= Beginning of Section =
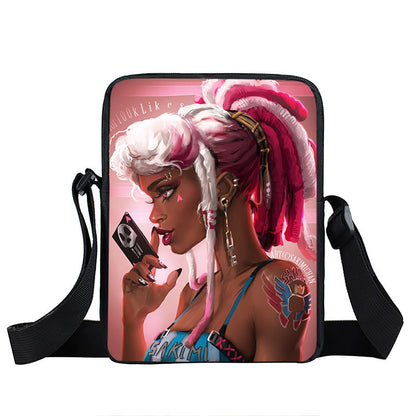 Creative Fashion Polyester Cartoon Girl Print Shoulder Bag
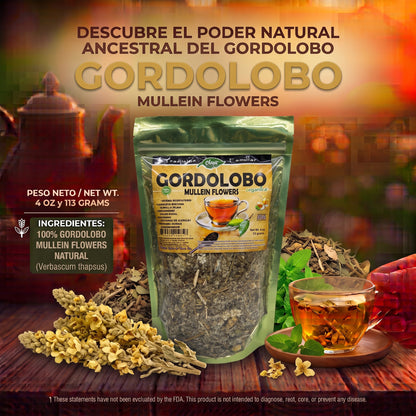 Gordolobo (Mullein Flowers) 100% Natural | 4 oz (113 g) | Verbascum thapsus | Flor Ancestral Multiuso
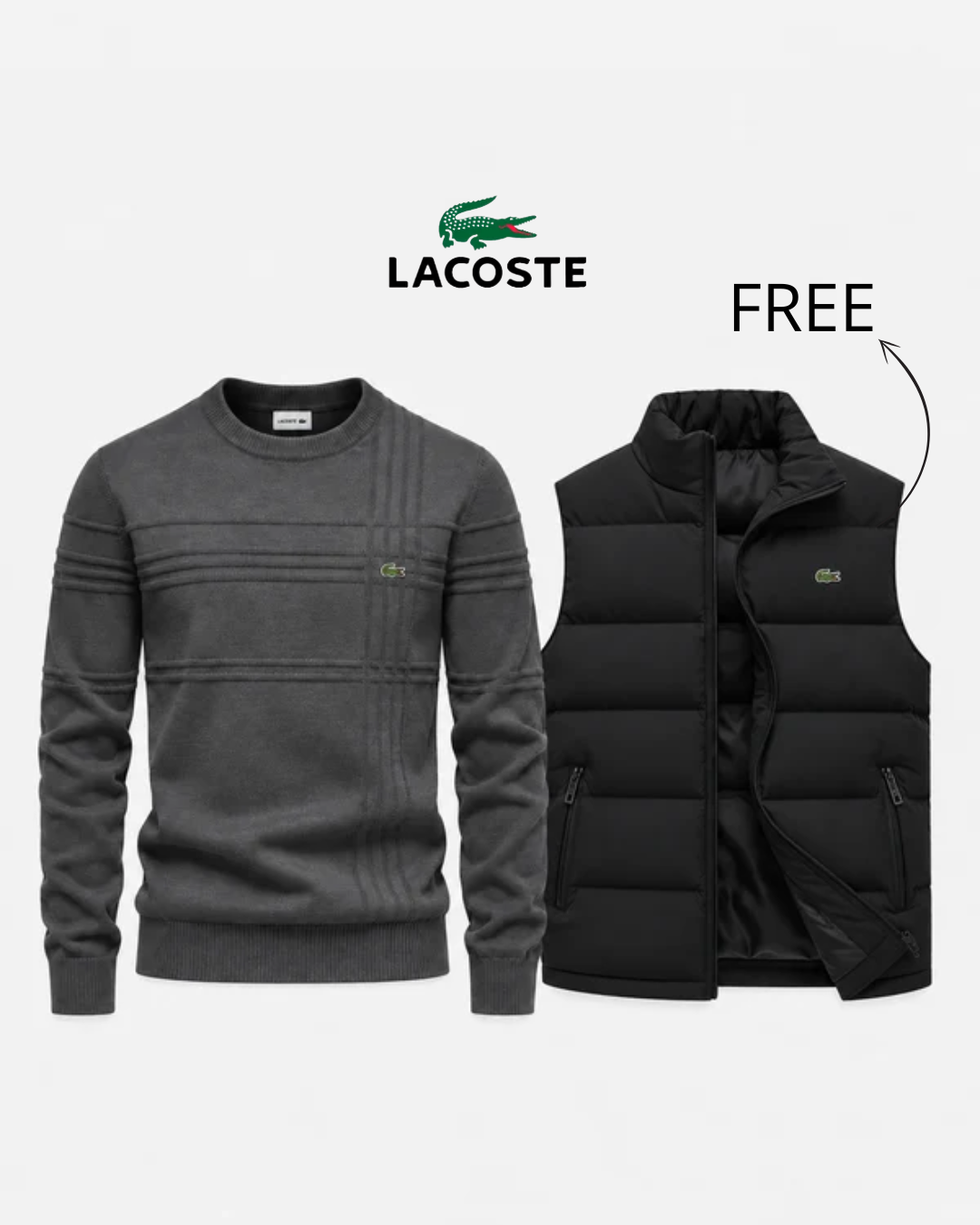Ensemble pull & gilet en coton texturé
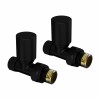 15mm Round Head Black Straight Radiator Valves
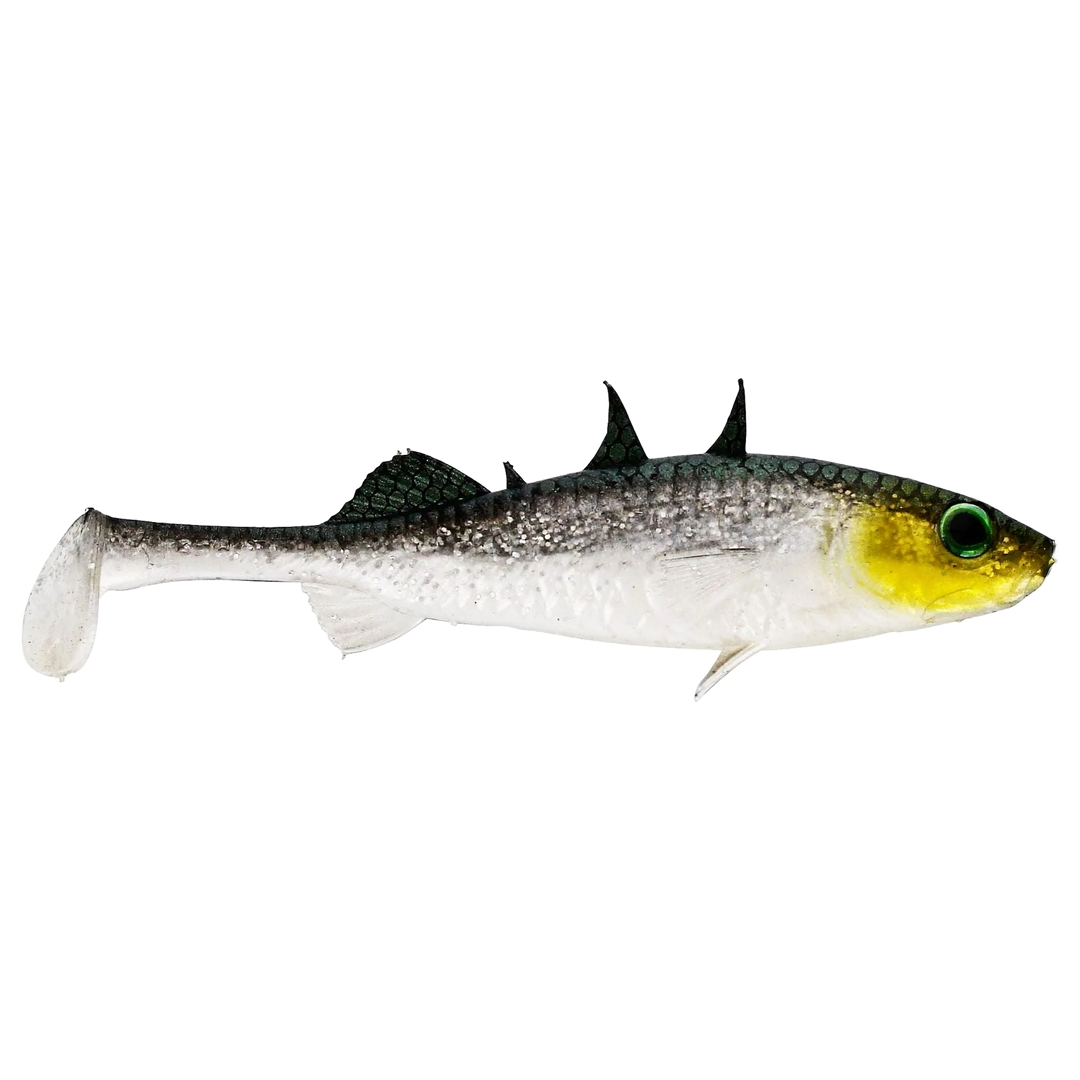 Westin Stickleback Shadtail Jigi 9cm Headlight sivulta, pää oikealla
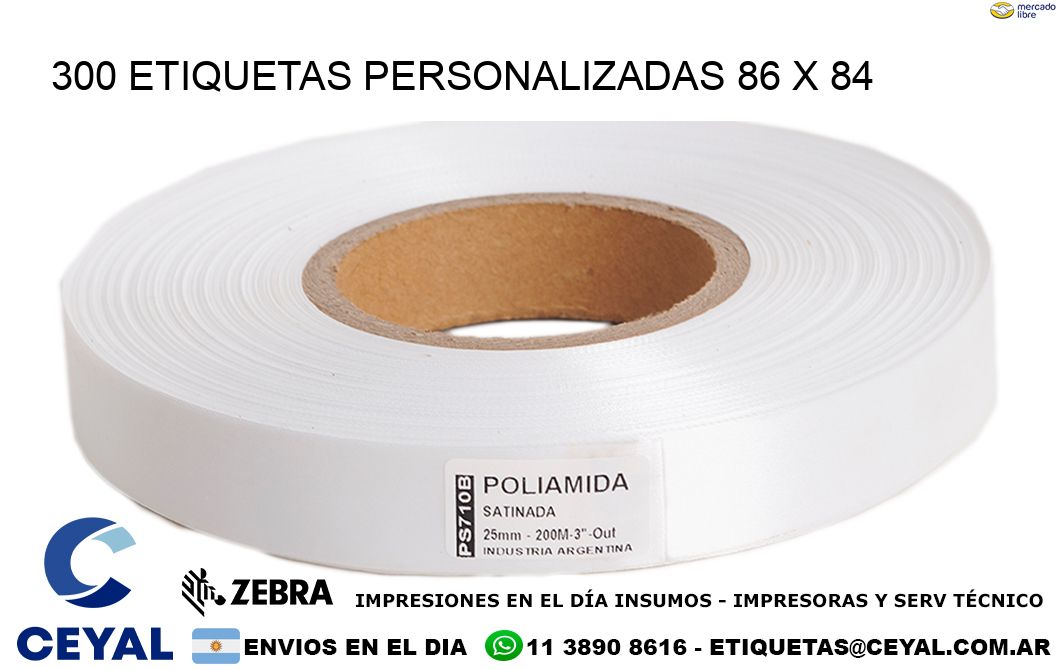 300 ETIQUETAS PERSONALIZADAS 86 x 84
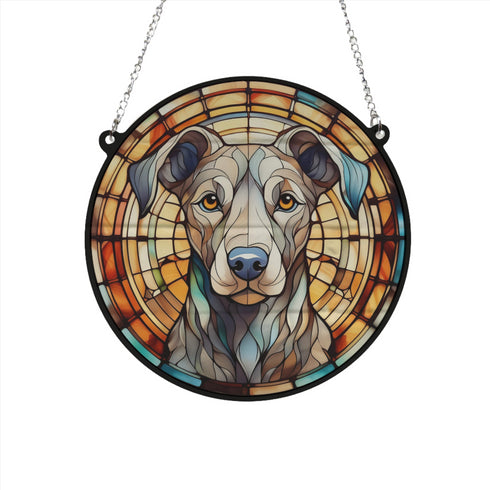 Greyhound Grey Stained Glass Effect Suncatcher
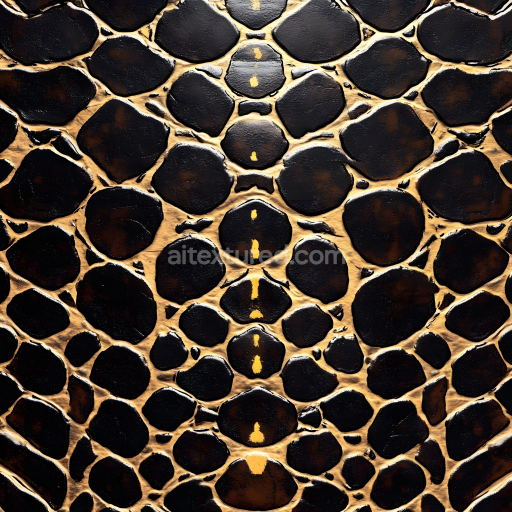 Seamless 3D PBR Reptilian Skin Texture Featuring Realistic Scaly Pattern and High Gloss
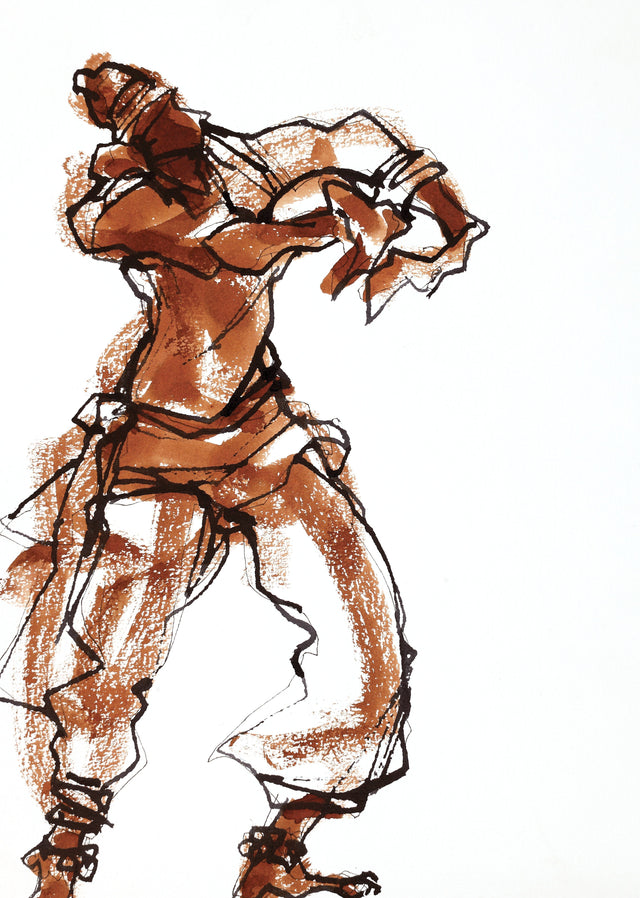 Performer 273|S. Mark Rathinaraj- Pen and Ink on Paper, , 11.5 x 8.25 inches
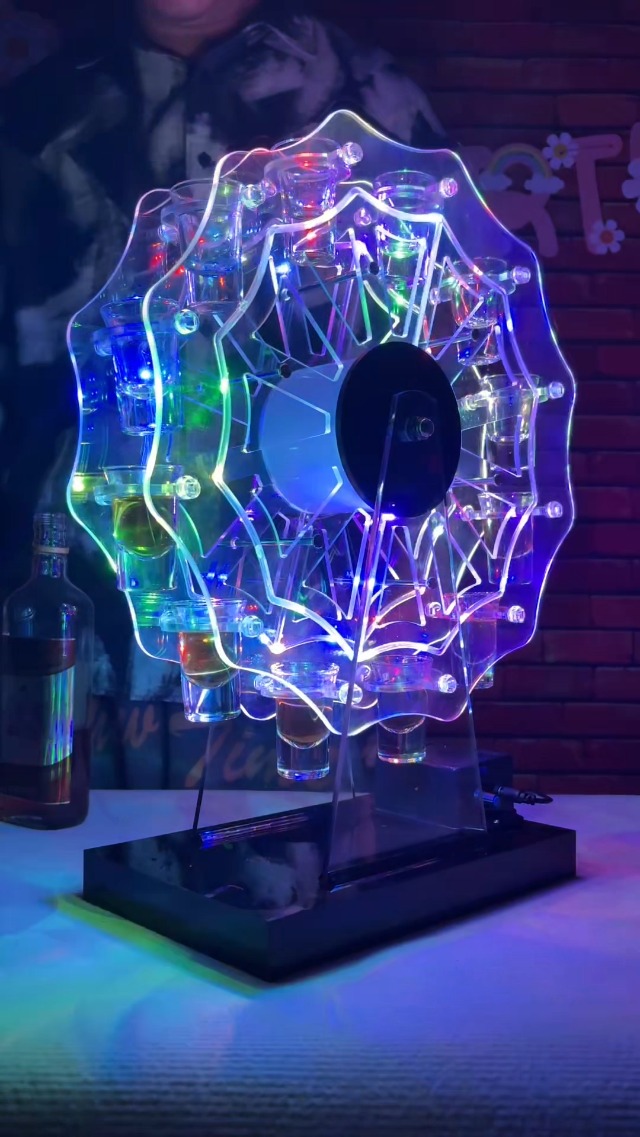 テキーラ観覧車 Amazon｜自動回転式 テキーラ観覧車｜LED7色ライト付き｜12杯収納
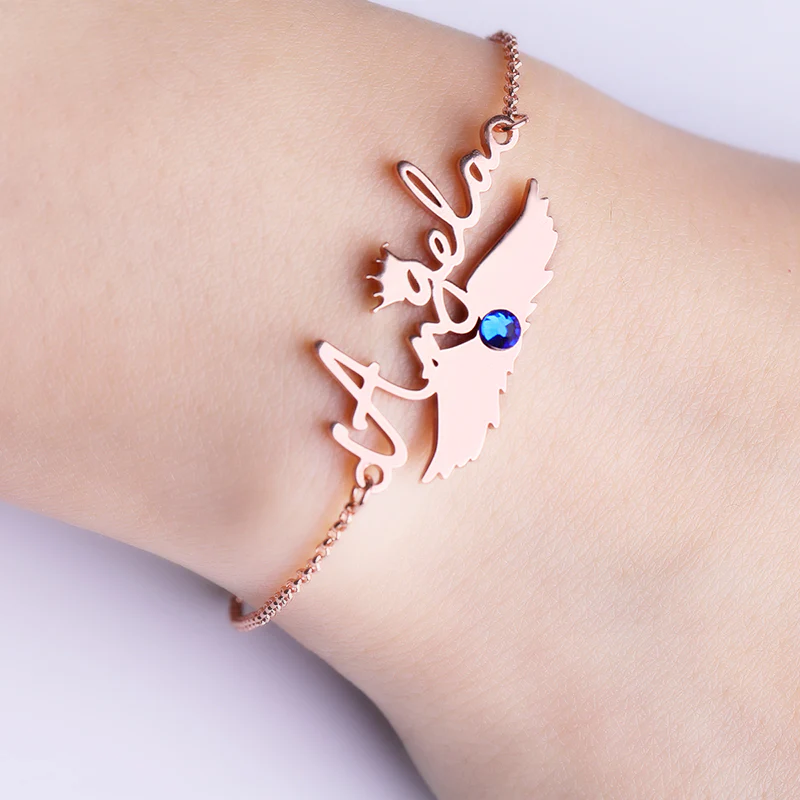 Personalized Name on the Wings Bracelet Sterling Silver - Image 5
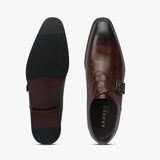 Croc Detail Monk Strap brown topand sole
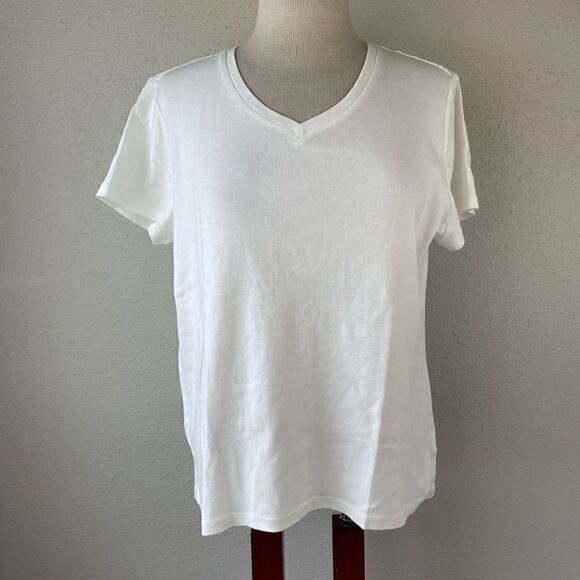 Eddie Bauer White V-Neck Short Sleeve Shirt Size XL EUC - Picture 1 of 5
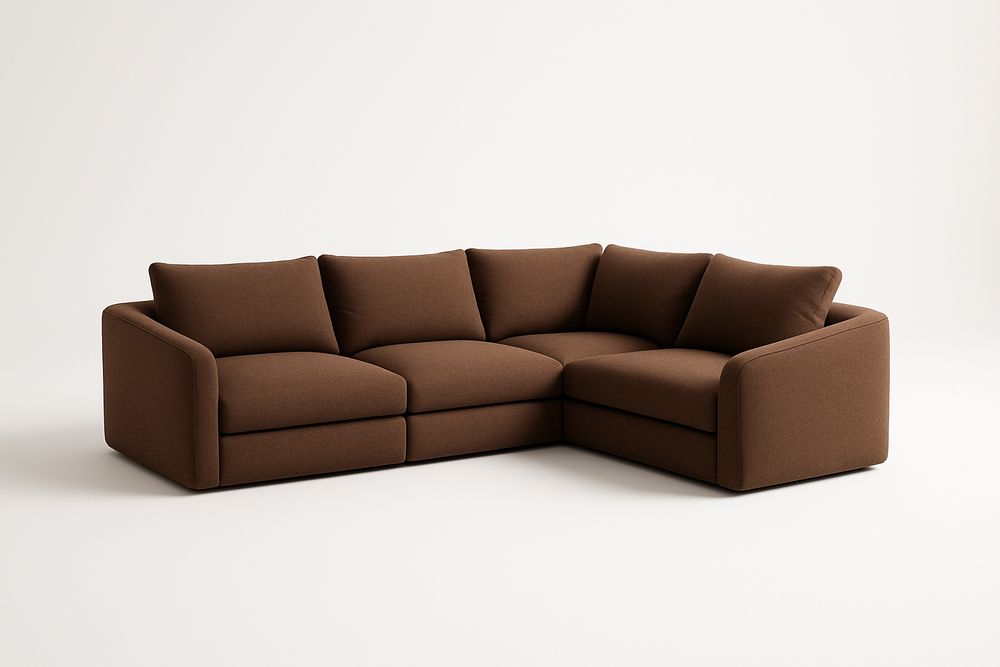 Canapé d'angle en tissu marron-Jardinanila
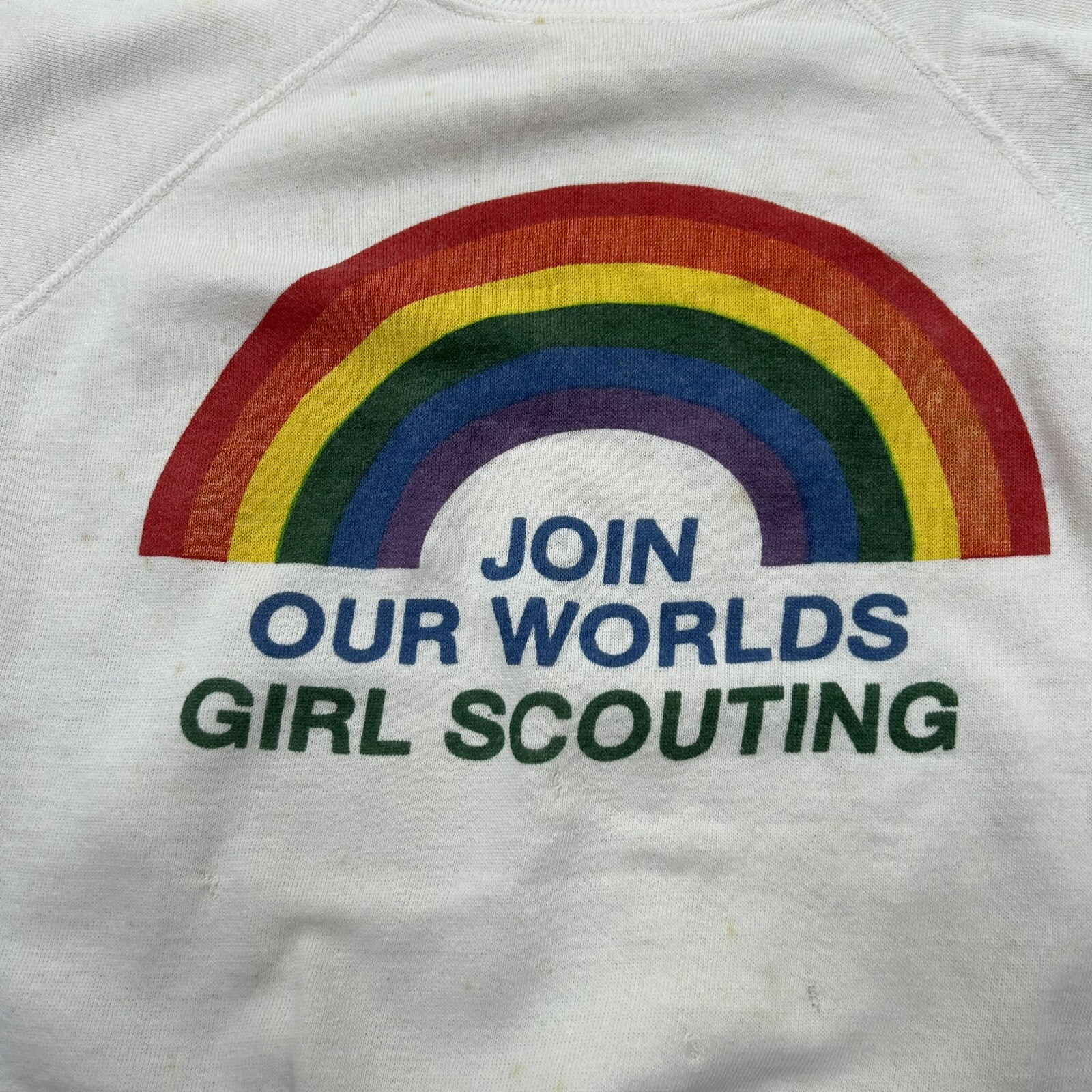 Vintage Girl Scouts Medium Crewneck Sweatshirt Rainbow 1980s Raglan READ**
= End of Section =
▸ **WORK REQUEST**
Omit every picture, then write out the entries above exactly.

▸ **SOLUTION FOR THIS PROBLEM**
 Creative Fashion Polyester Cartoon Girl Print Shoulder Bag
 Gordolobo (Mullein Flowers) 100% Natural | 4 oz (113 g) | Verbascum thapsus | Flor Ancestral Multiuso
Ensemble pull & gilet en coton texturé
 15mm Round Head Black Straight Radiator Valves
 Westin Stickleback Shadtail Jigi 9cm Headlight sivulta, pää oikealla
 300 ETIQUETAS PERSONALIZADAS 86 x 84
 Greyhound Grey Stained Glass Effect Suncatcher
 Seamless 3D PBR Reptilian Skin Texture Featuring Realistic Scaly Pattern and High Gloss
 Performer 273|S. Mark Rathinaraj- Pen and Ink on Paper, , 11.5 x 8.25 inches
 テキーラ観覧車 Amazon｜自動回転式 テキーラ観覧車｜LED7色ライト付き｜12杯収納
 Personalized Name on the Wings Bracelet Sterling Silver - Image 5
 Croc Detail Monk Strap brown topand sole
 Eddie Bauer White V-Neck Short Sleeve Shirt Size XL EUC - Picture 1 of 5
 Canapé d'angle en tissu marron-Jardinanila
 Vintage Girl Scouts Medium Crewneck Sweatshirt Rainbow 1980s Raglan READ**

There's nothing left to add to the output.